Material for the task:

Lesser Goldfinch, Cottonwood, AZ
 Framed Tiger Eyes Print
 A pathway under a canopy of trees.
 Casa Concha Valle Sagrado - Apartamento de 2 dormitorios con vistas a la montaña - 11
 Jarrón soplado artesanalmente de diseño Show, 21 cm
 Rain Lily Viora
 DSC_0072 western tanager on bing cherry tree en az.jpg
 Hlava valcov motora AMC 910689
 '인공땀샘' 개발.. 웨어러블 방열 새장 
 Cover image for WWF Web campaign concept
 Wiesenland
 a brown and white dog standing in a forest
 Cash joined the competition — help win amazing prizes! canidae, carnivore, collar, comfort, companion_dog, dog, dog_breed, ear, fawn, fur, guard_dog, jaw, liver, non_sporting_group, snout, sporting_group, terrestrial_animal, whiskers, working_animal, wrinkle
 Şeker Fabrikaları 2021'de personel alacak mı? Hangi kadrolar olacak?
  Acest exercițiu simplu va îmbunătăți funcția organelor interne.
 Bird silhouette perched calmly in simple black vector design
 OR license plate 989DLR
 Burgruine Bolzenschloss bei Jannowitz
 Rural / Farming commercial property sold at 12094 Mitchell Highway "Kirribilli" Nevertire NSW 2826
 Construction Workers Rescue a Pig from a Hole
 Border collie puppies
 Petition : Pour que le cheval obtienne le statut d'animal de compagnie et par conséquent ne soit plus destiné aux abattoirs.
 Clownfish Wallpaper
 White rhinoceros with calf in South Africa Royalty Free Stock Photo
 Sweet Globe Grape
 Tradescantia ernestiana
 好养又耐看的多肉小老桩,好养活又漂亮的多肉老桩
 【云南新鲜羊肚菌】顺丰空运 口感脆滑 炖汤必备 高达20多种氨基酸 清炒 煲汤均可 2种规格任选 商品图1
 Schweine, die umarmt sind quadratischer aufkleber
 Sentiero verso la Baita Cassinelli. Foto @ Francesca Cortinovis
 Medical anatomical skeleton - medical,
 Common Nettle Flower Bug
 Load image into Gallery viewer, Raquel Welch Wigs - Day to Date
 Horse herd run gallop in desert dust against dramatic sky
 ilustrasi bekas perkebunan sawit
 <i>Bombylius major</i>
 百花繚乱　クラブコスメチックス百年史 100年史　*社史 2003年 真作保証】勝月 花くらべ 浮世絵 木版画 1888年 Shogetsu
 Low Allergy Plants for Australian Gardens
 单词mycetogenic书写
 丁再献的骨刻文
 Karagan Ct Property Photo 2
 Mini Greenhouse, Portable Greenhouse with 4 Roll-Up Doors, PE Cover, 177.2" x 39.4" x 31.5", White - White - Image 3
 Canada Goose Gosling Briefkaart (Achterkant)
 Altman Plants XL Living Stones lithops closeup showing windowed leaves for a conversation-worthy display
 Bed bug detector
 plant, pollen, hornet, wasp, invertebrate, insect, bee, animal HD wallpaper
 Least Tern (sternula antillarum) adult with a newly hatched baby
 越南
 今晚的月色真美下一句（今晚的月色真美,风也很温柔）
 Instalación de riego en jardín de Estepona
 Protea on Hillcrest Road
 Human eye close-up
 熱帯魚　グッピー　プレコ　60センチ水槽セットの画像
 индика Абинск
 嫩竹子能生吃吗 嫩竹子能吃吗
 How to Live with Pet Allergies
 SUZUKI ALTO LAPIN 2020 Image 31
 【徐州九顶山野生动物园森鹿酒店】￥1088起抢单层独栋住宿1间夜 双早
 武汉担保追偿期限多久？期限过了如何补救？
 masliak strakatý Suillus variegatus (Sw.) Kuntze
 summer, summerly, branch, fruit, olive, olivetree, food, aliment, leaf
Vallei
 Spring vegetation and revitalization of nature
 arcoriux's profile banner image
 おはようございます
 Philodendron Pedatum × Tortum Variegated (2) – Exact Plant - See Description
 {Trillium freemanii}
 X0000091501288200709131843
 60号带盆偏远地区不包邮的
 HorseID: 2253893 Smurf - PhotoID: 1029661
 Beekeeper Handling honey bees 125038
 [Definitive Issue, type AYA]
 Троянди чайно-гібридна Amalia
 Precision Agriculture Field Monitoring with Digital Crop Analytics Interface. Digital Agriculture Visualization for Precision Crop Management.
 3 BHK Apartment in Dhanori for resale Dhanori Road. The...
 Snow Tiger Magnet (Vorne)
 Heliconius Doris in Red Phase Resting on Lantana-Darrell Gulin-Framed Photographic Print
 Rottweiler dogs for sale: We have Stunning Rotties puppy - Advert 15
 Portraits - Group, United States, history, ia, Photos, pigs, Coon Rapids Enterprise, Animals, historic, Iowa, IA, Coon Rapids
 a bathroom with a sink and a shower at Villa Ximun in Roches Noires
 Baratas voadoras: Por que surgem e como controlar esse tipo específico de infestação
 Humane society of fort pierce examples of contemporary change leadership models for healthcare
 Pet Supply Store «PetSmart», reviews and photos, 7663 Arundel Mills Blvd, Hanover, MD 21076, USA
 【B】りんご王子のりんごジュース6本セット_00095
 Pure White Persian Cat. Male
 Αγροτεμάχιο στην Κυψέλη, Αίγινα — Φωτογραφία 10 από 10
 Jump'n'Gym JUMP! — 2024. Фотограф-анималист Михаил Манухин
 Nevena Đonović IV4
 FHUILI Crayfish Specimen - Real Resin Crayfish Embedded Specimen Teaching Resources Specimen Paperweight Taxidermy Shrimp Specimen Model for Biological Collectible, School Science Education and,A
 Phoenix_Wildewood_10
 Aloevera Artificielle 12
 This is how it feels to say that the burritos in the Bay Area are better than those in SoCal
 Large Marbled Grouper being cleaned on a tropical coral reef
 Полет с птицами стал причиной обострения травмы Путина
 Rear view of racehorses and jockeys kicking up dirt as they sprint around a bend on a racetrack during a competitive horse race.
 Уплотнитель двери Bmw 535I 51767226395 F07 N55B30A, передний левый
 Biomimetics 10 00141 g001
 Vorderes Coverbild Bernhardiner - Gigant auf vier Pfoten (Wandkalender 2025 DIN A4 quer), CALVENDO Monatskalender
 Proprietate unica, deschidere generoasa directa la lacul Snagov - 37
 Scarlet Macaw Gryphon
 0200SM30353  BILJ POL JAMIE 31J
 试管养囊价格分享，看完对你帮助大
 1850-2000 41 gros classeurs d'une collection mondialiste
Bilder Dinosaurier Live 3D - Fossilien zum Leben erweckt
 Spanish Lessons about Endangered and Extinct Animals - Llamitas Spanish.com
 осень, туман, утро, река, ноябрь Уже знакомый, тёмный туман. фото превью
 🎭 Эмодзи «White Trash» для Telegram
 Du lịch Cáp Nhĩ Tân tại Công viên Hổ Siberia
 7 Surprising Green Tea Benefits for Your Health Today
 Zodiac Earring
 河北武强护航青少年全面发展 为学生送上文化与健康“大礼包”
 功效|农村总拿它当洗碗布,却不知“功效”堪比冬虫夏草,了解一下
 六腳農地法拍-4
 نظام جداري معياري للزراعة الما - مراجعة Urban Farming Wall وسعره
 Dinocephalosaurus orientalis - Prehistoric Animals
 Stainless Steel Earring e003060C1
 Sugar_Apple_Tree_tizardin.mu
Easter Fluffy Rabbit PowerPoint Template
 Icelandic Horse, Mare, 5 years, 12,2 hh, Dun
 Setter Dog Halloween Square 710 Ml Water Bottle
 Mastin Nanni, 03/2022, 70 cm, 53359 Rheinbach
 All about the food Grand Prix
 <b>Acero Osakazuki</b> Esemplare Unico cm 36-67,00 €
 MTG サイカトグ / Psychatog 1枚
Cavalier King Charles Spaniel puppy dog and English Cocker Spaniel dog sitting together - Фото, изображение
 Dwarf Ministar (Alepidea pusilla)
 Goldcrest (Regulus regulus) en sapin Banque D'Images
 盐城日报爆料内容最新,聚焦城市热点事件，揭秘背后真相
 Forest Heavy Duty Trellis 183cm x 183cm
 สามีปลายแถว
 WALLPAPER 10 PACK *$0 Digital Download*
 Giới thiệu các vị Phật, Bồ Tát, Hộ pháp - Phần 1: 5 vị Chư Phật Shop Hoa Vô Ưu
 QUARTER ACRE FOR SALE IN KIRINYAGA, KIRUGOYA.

Your goal: Please write out the material word for word from its first line through the line holding "DSC_0072 western tanager", including both, and no line past it.

Solution to the problem:
Lesser Goldfinch, Cottonwood, AZ
 Framed Tiger Eyes Print
 A pathway under a canopy of trees.
 Casa Concha Valle Sagrado - Apartamento de 2 dormitorios con vistas a la montaña - 11
 Jarrón soplado artesanalmente de diseño Show, 21 cm
 Rain Lily Viora
 DSC_0072 western tanager on bing cherry tree en az.jpg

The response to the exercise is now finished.